Mark Moerdler, Analyst
Thank you very much for taking my questions. Congratulations on the strong quarter. In fact, I'd like to ask about that specifically. ERP has generally been thought of as core workloads that's not really impacted by macro. But I was seeing some other vendors in the market that there are persistent macro concerns of slowing, slowing to the pipeline, etc. Can you give us some color on, are you seeing anything in terms of slowing in the pipeline build, time to transition through the pipeline? Is there any difference between existing customers migrating versus new customers adoption? How should we think about that going forward? Thank you.
Christian Klein, CEO
Thanks a lot, Mark, for the question. From the customer base perspective, we see strong momentum both in converting our installed base, as you heard, with a very healthy conversion factor to the cloud. Second, GROW with SAP has also had an exceptionally strong start, and these are really representing new customers to the SAP family. Regarding the pipeline, I highlighted LG Electronics as an example, and this is a very good example of many ERP deals we are doing. This company is going through a massive transformation, producing electric vehicle batteries at mass scale.
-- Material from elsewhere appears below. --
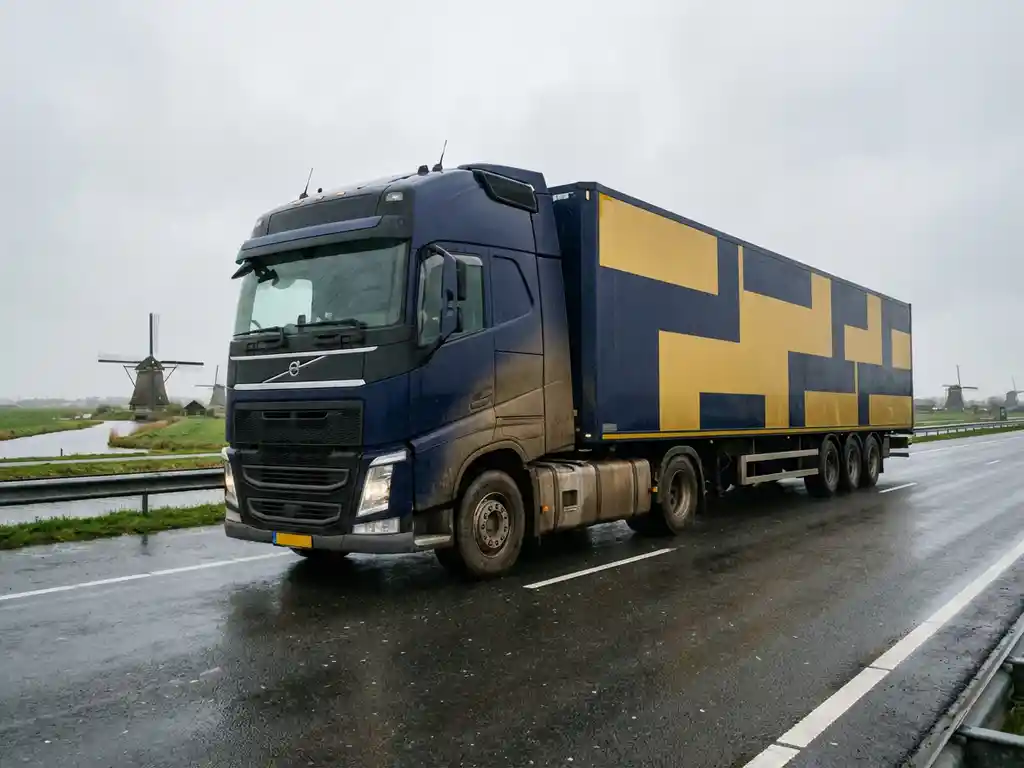 Vrachtwagen met marineblauw en geel trailer rijdt over Nederlandse snelweg met windmolens op achtergrond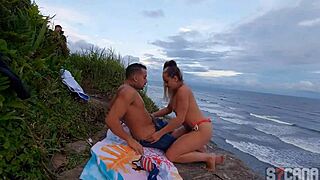 a man was caught fucking a hot blonde on itanhaem beach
They not only need a new ERP, they need a new way of running LG Electronics and that's essential to their business. While the macroeconomic times are tough, we are extremely relevant to our customers' transformation. You heard the announcement around SAP Business AI and we have to deliver that in the cloud, which is another strong driver for our pipeline in the next quarter. Scott, over to you to give some more light on the quarter and the pipeline.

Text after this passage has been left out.